(Brief descriptive captions)

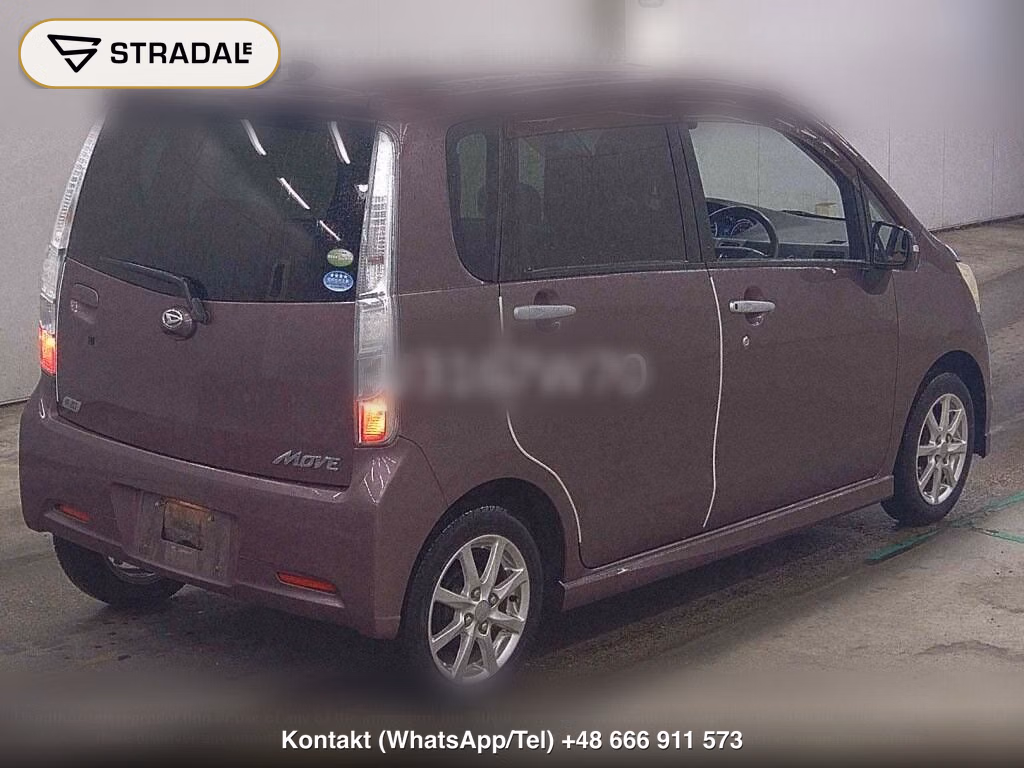 DAIHATSU MOVE CUSTOM X LIMITED, miniaturka 6
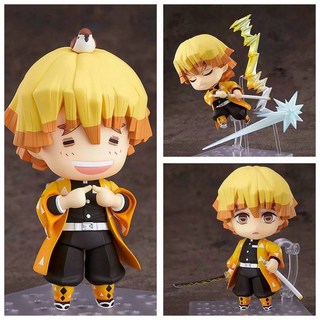 데반스 코쿠시보 츠기쿠니 요리이치 전투 애니메이 조각상 21CM 슬레이어, 16 천둥의 숨결 1334 내 아내 선일 가동 페이스, 1개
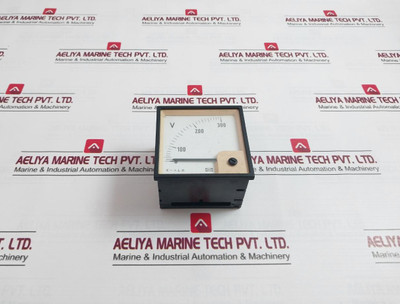 Deif 0-300V Analog Voltmeter 1.5 245613 220 Deif 0-300V Analog Voltmeter 1.5 245613 220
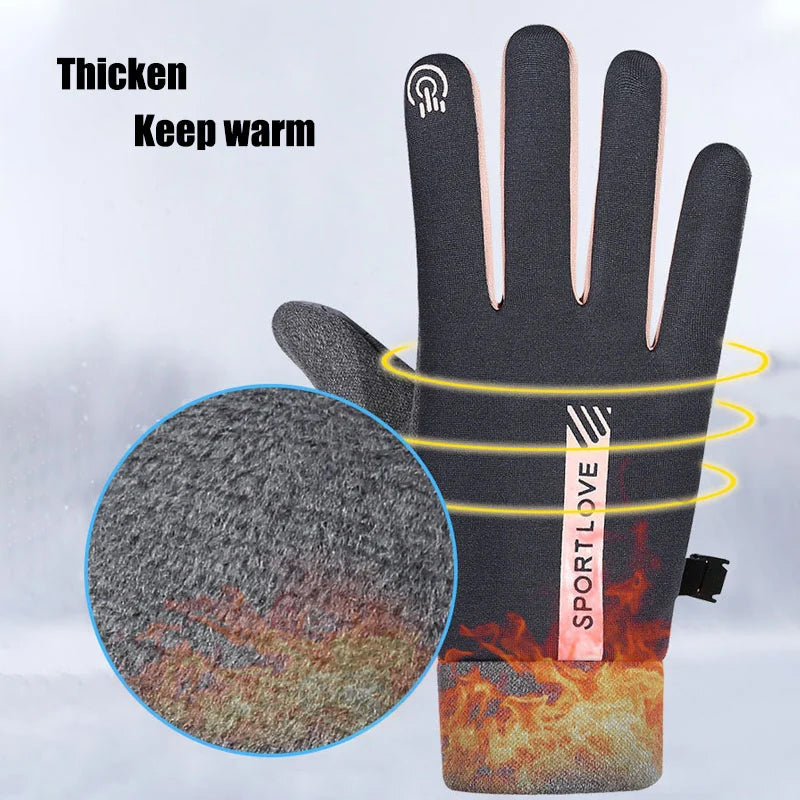 ProGloves™ Rutschfeste, wasserdichte Smart Touch Handschuhe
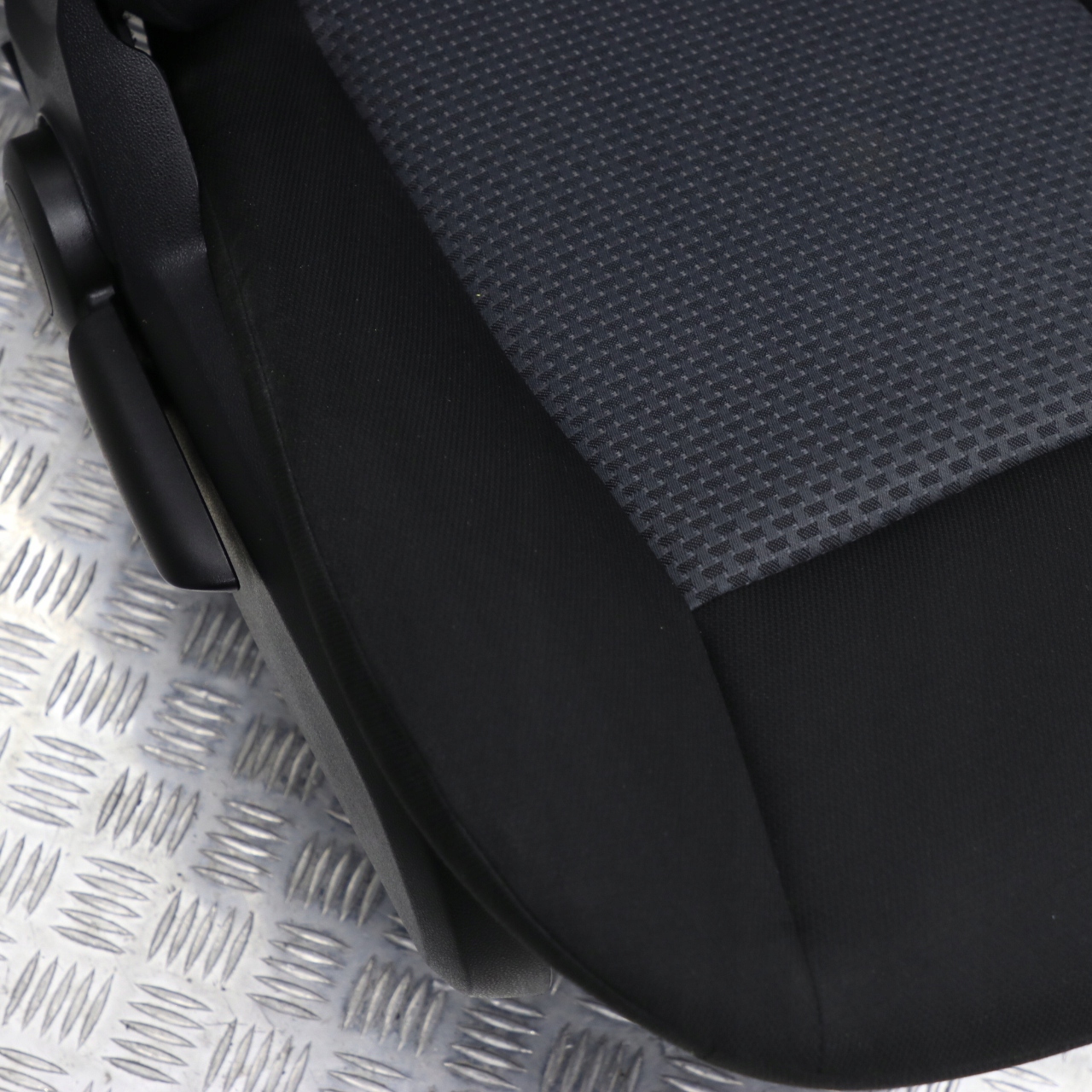 Mercedes-Benz A-Class W169 Cloth Fabric Front Right O/S Seat Black Anthracite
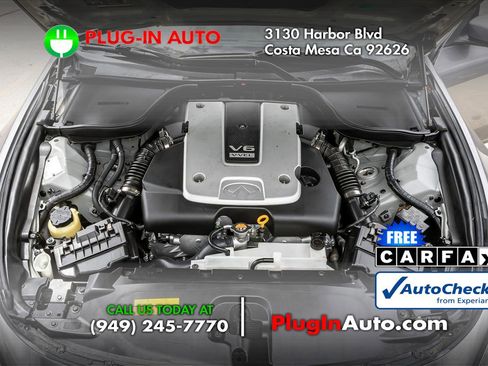 Used 2008 INFINITI G37 Journey w/ Premium Pkg RWD image 10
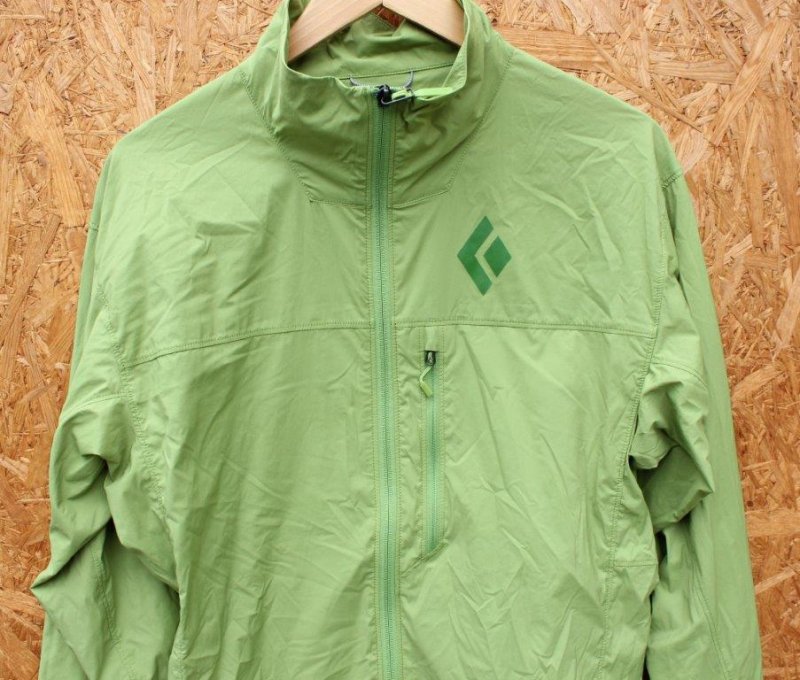 Black Diamond ブラックダイヤモンド＞ ALPINE START JACKET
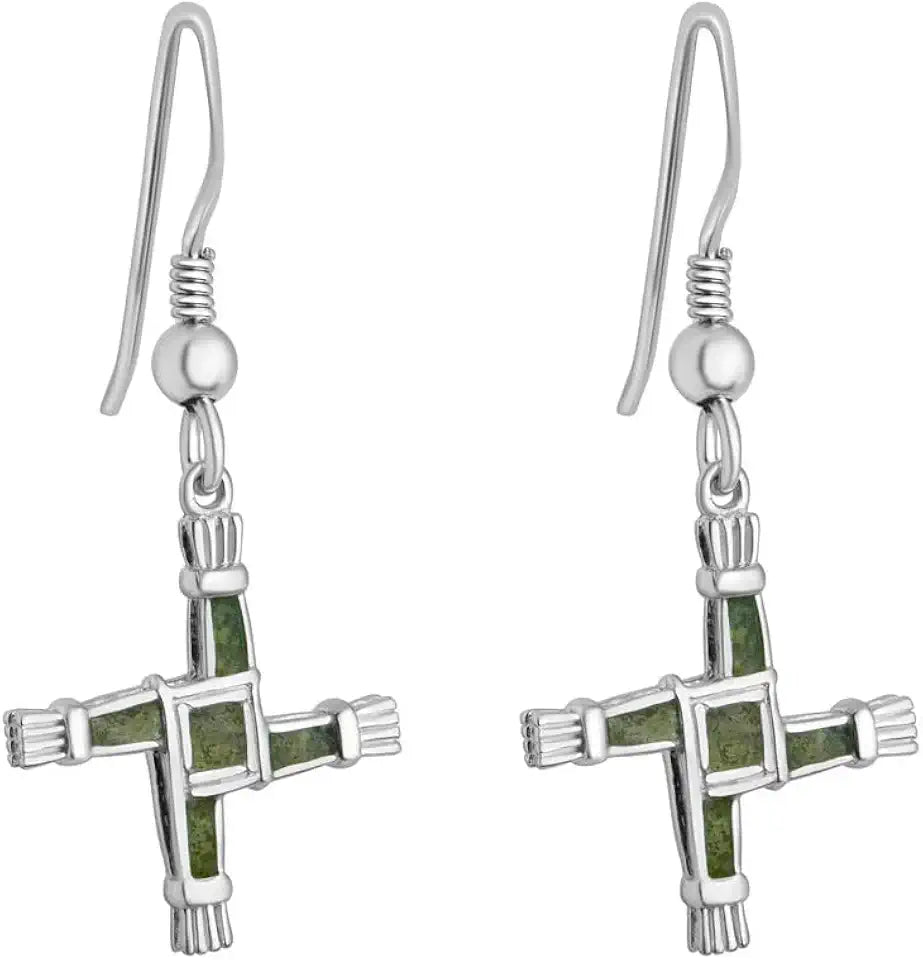 Cross Earrings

#### ACTION ITEM:
Every line of the data should be copied as it stands, without the images.

#### PROBLEM SOLUTION:
 DAIHATSU MOVE CUSTOM X LIMITED, miniaturka 6
 데반스 코쿠시보 츠기쿠니 요리이치 전투 애니메이 조각상 21CM 슬레이어, 16 천둥의 숨결 1334 내 아내 선일 가동 페이스, 1개
 Deif 0-300V Analog Voltmeter 1.5 245613 220 Deif 0-300V Analog Voltmeter 1.5 245613 220
 ProGloves™ Rutschfeste, wasserdichte Smart Touch Handschuhe
 Mercedes-Benz A-Class W169 Cloth Fabric Front Right O/S Seat Black Anthracite
 Used 2008 INFINITI G37 Journey w/ Premium Pkg RWD image 10
 Black Diamond ブラックダイヤモンド＞ ALPINE START JACKET
 Cross Earrings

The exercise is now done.